BEGIN

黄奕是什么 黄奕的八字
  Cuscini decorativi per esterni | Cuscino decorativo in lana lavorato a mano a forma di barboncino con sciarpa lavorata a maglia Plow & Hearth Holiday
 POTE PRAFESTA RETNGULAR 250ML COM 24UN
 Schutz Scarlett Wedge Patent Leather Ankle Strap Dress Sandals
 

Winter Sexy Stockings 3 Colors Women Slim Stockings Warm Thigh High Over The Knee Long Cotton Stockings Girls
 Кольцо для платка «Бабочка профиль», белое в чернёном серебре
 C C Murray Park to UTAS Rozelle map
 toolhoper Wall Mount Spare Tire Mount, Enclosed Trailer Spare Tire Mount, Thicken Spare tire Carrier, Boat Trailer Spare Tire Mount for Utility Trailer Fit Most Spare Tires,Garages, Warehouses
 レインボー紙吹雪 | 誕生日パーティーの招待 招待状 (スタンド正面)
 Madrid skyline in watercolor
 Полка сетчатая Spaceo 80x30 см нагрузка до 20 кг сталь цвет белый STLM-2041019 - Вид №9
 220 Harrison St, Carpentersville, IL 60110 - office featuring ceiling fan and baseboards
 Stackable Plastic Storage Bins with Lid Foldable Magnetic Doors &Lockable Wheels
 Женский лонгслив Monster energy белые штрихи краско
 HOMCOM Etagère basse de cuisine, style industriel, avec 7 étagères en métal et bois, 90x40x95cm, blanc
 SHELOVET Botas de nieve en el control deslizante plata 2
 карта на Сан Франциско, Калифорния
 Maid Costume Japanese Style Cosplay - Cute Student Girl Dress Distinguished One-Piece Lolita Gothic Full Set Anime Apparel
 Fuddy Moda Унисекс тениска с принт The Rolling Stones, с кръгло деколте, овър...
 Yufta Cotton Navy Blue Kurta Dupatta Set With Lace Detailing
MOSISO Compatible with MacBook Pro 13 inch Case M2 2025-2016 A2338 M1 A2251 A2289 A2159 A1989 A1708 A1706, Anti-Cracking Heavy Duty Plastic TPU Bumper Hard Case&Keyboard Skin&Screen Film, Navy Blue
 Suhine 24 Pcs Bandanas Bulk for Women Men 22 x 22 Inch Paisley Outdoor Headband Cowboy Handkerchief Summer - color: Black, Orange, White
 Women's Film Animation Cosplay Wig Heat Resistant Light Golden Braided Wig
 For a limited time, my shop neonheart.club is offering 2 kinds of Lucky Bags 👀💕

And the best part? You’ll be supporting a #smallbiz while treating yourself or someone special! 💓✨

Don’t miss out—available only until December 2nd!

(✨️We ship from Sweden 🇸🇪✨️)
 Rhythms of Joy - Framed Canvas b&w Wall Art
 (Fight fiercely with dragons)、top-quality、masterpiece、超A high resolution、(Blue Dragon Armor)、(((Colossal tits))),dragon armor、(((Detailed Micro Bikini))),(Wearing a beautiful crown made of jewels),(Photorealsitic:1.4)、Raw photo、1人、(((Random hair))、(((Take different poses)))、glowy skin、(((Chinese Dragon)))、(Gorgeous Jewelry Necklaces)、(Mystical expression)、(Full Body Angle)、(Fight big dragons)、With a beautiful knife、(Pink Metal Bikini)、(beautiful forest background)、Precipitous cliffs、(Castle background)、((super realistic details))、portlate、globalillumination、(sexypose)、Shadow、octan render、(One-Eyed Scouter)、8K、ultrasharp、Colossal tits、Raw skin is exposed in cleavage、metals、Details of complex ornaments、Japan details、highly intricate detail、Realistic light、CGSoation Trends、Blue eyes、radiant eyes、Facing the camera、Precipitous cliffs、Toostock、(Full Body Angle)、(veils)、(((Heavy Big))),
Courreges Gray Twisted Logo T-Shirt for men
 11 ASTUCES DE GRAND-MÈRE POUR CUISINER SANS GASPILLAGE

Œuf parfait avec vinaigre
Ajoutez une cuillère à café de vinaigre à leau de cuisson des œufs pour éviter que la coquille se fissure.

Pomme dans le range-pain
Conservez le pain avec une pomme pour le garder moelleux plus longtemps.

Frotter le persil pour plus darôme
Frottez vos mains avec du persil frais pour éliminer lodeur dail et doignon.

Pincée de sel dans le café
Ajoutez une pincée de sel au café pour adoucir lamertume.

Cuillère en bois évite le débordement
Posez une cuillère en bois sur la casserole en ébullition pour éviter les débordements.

END

| Work order |
Your answer should be an exact copy of the lines from the one with "Œuf parfait avec vinaigre" through the end of the material, with no other lines.

| Response to the task |
Œuf parfait avec vinaigre
Ajoutez une cuillère à café de vinaigre à leau de cuisson des œufs pour éviter que la coquille se fissure.

Pomme dans le range-pain
Conservez le pain avec une pomme pour le garder moelleux plus longtemps.

Frotter le persil pour plus darôme
Frottez vos mains avec du persil frais pour éliminer lodeur dail et doignon.

Pincée de sel dans le café
Ajoutez une pincée de sel au café pour adoucir lamertume.

Cuillère en bois évite le débordement
Posez une cuillère en bois sur la casserole en ébullition pour éviter les débordements.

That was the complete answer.